Ângela, da Upes, defendeu em entrevista à RBA que essa “janela demográfica” seja usada para reduzir o número de estudantes por sala de aula, uma reivindicação histórica do movimento estudantil: “Nos últimos dez anos, a rede pública diminui quase 2 milhões de estudantes. Uma parte evadiu, mas pelo menos 600 mil ingressaram em escolas particulares. A rede privada de ensino aumentou 36%, um dado muito preocupante, que evidencia um projeto de privatizar a educação.”

Professores ligados à Apeoesp concordam e reivindicam que a estrutura das escolas seja otimizada para que as salas de aula tenham no máximo 20 alunos, em qualquer dos ciclos. Os docentes reclamam ainda que a chamada reorganização da educação foi anunciada sem nenhuma discussão prévia com a comunidade escolar e com entidades ligadas à educação. O governo Alckmin já havia adotado a mesma postura com o Plano Estadual da Educação, elaborado pelo governo e apresentado pelo à Assembleia Legislativa por Alckmin sem participação popular.

São Paulo tem hoje 5.108 escolas, das quais 1.443 são de ciclo único, outras 3.186 mantêm dois ciclos e 479 escolas têm três ciclos. Essas últimas devem ser transformadas em escolas de ciclo único, assim como grande parte das de dois ciclos. Só neste ano, pelo menos 3.390 salas de aula foram fechadas no estado de São Paulo.
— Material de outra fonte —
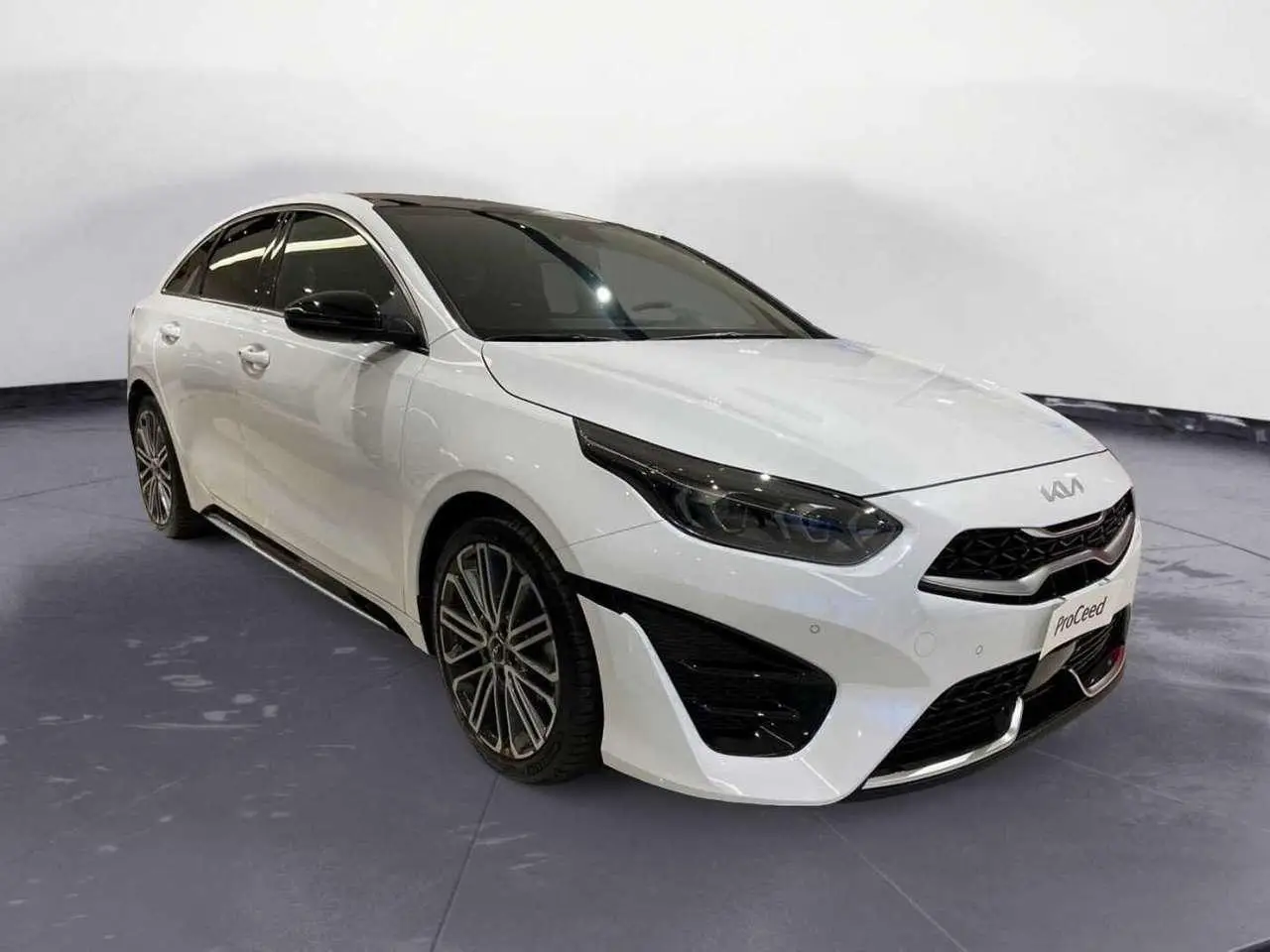 Photo 1 : Kia Proceed 2023 Essence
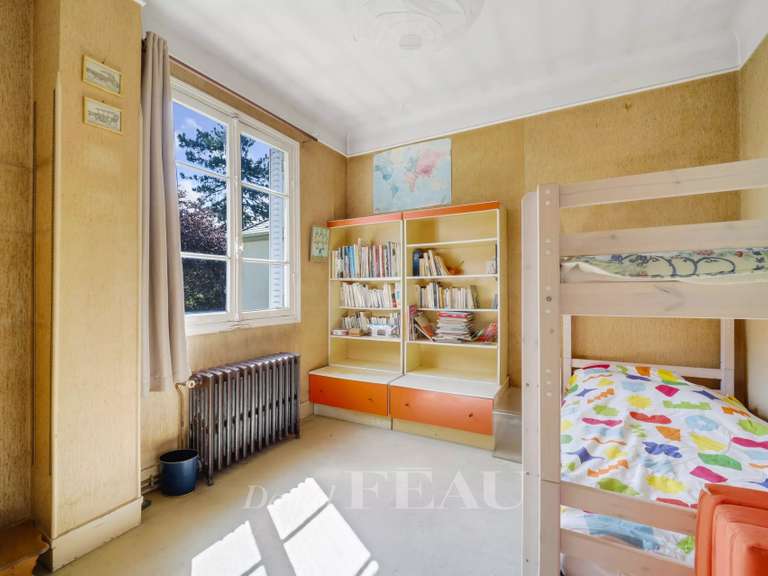 Maison La Celle-Saint-Cloud - 3 chambres - 204m²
Muitas escolas iniciaram o ano letivo com até 60 estudantes por classe, em turmas do ensino regular, e até cem estudantes por classe em turmas da Educação de Jovens e Adultos (EJA), segundo a Apeoesp.

No último dia 15, depois de uma série de mobilizações estudantis, o Ministério Público Estadual e a Defensoria Pública de São Paulo cobraram explicações do governo sobre o projeto da suposta “reorganização” do ensino. Os processos estão em andamento.